Después de un rato me parecía que se iba ausentando. Miraba distraído alguna herramienta, algún periódico viejo o alguna de las novelitas de Marcial Lafuente que mi padre siempre tenía por el taller, y poco a poco su mente se iba marchando de allí. Lo abatía una tristeza profunda y duradera, que no respondía a nada circunstancial y que seguramente no tenía más motivo que ese saberse en el invierno de la vida, ese mirar hacia atrás y no encontrar más que años, puñados de años baldíos, entregados en los campos de otro, a las vidas de otros, las vidas de unos hijos que ahora lo aparcaban, lo ignoraban, o cabeceaban hipócritamente preocupados cuando lo veían arriba y abajo con el saco. Siempre sentí, con razón o sin ella, que aquel hombre miraba desde el doloroso conocimiento del que sabe que su vida no ha sido gran cosa. Sólo días y más días pasando inclementes, gastándolo todo.

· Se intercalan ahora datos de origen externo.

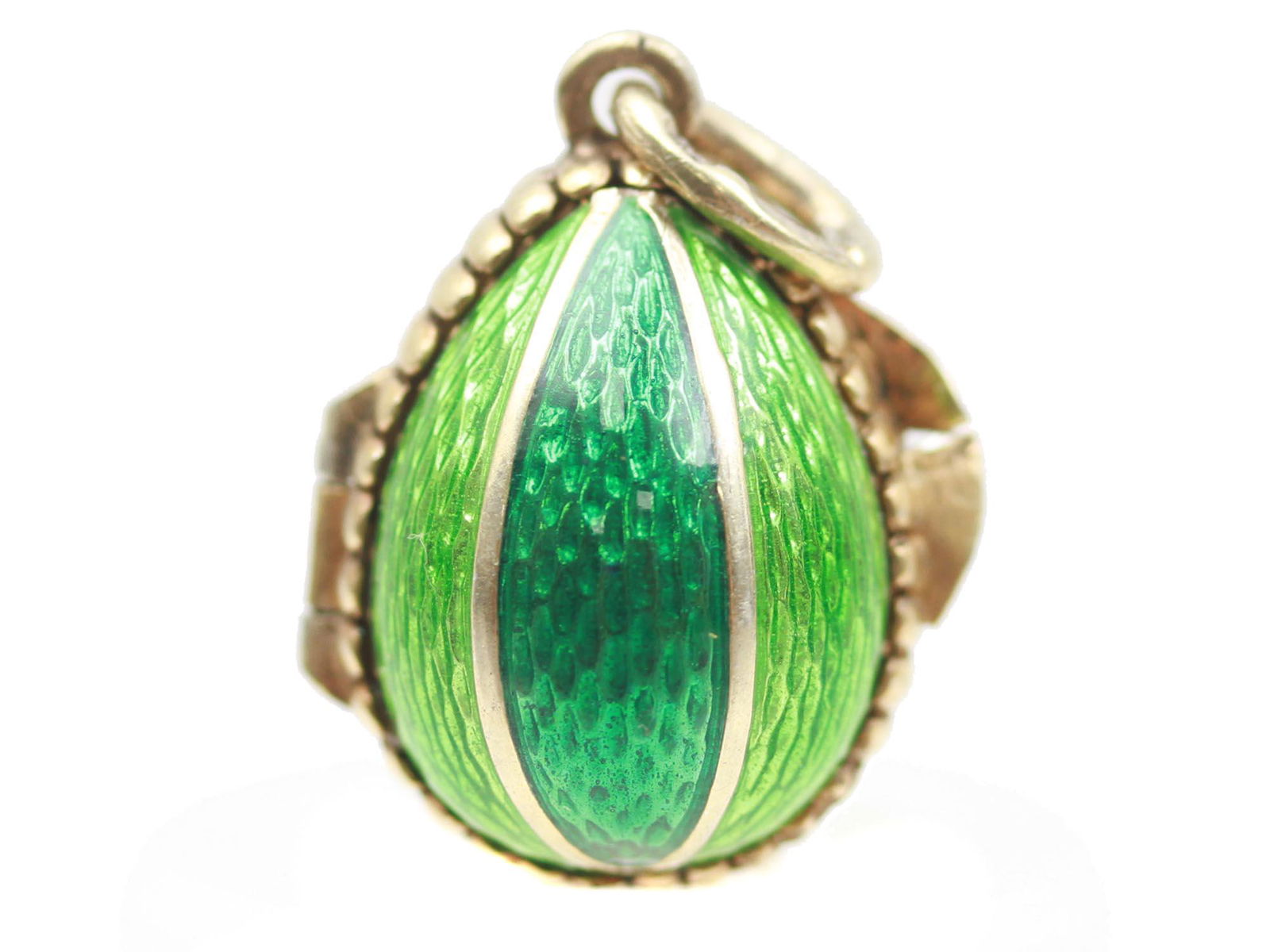 A RUSSIAN GILT SILVER & ENAMEL EGG PENDANT LOCKET (1 of 6)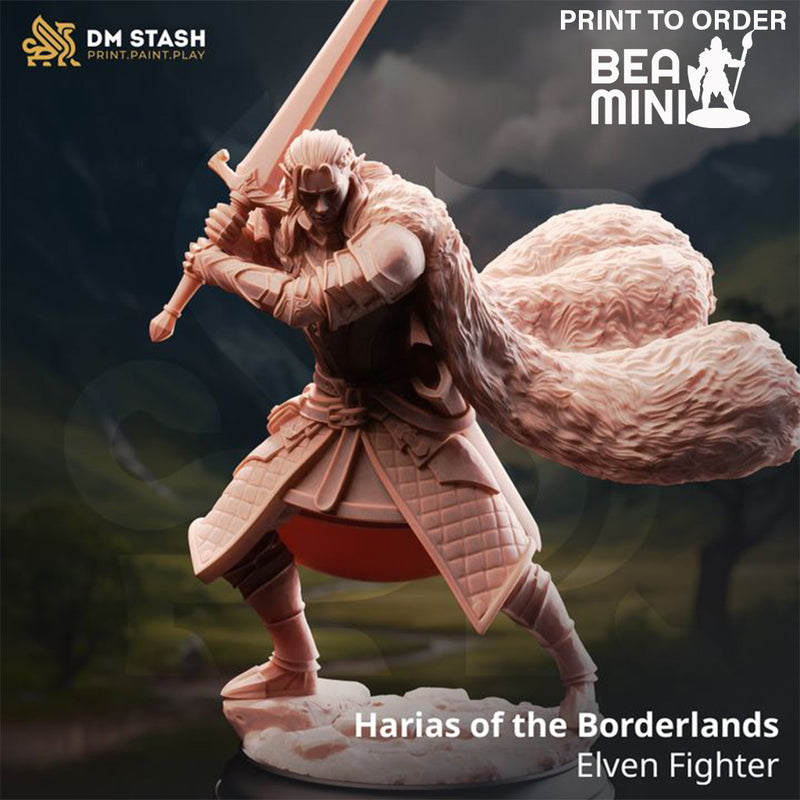 Harias, Elf Fighter | BeaMini Print to Order Miniatures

Aquel hombre estuvo viniendo al pueblo un par de años. Luego dejamos de verlo. Hace más de quince años de aquello, así que seguramente ha muerto. Mientras tecleo estas líneas he empezado a preguntarme por qué me ha venido a la memoria hoy, por qué a pesar de que los años van pasando y cientos de caras que tuvieron mucha más presencia en mi vida se van hundiendo en el olvido, sigo recordando de vez en cuando a aquel hombre. Creo que tengo con él algo parecido a una deuda. Y es que las lecciones de la vida no siempre tienen la forma de pomposos sermones o frases redondas. No siempre hay un maestro. A veces basta mirar. Mirar las cosas, la gente, la propia vida para ir entendiendo algo - sólo un poco - de su verdadera y desconcertante naturaleza. Durante aquellos años en la zapatería, con las manos en la faena y la mente en cualquier otro sitio, enchufada como una grabadora, calándolo todo, clasificándolo todo, traté con gente educada, que hasta parecía pedir disculpas por tener dinero; y traté con gañanes pobretones con maneras de señorito andaluz, que no tenían más tierra que la que traían pegada a las botas camperas, pero que entraban por la puerta queriendo sus iniciales cosidas a mano hasta en el último palmo de cuero que les trabajaras. Y entre uno y otro, todos los demás.